Der GTS macht alles noch einmal ein bisschen schärfer als die Grundmodelle, er kauert zehn Millimeter tiefer, rollt zwingend mit Sportauspuff und dank 4,4 Zentimeter breiterer Spur auch irgendwie satter an den Start. Mit den modernen Porsche 911 kann man auch längere Strecken problemlos abspulen, wenn die Insassen die harten Fahrwerke nicht allzu sehr stören. Dank der sieben Gänge des Doppelkupplungsgetriebes bleibt die Drehzahl auf der Autobahn im Keller, so fährt es sich hinreichend leise und halbwegs sparsam.
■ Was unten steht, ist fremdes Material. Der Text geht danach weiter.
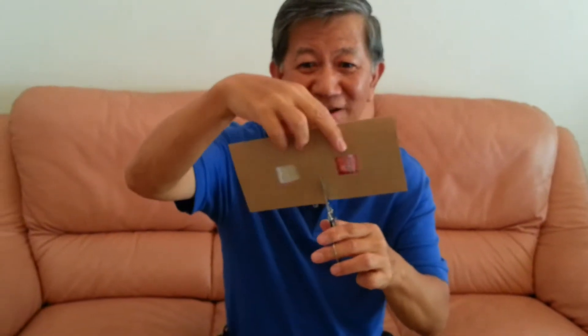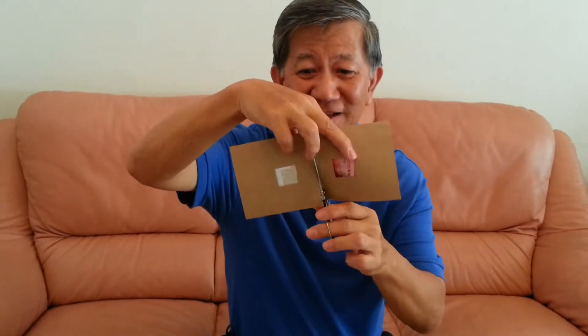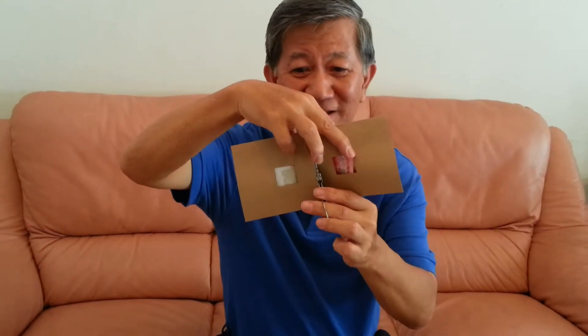Now, the interesting thing that I can do is actually take a scissors, and then what if I actually cut the envelope into half, I cut the envelope into half — can you see me cutting into half? I've cut into half already. I've crumbed it up, and then I give it a blow, and then what happened to my $10 bill?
Der Kult-Elfer aus der Faltenbalg-Ära ist dann doch eher das Wochenend-Auto. Wer unbedingt auf der Suche nach einem raren Carrera 2,7 ist, muss Geduld und einiges an Geld mitbringen. Mit rund 100.000 Euro taxieren die Bewertungsprofis den 911 auf schwindelerregende Höhen. Das erste Turbomodell (75.000 Euro bei Zustand 2) ist auch nicht viel besser. Aber man könnte sich eben auch für den 117.549 Euro teuren GTS entscheiden. Oder vielleicht doch für einen der neuen "Volks"-Turbos?